[Records shown]
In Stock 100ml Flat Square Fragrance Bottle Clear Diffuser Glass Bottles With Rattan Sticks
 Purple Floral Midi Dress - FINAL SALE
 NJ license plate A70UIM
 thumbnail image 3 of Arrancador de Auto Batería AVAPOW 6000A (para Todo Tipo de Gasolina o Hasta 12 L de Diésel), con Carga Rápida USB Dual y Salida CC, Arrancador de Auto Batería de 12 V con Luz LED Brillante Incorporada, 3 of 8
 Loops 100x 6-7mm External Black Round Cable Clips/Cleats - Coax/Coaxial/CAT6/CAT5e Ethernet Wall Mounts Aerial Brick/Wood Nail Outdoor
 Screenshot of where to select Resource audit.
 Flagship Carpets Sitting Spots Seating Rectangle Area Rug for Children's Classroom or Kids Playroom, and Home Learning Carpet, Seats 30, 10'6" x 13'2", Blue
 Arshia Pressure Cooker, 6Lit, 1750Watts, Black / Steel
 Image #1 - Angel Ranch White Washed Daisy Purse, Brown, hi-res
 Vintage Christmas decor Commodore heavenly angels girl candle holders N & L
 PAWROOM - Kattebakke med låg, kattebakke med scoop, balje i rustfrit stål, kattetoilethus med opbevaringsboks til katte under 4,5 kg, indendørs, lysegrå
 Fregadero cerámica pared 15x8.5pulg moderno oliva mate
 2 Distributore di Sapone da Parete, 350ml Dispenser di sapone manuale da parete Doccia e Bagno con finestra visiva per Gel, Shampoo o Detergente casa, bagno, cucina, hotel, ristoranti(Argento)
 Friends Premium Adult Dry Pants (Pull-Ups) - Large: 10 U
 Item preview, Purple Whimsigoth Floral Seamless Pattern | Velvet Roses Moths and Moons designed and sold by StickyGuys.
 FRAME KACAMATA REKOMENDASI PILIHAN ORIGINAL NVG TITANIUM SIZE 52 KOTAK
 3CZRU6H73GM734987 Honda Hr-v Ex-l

[Your goal] For every line of the records that has the word "Black" in it, make a copy.

[Written reply]
 Loops 100x 6-7mm External Black Round Cable Clips/Cleats - Coax/Coaxial/CAT6/CAT5e Ethernet Wall Mounts Aerial Brick/Wood Nail Outdoor
 Arshia Pressure Cooker, 6Lit, 1750Watts, Black / Steel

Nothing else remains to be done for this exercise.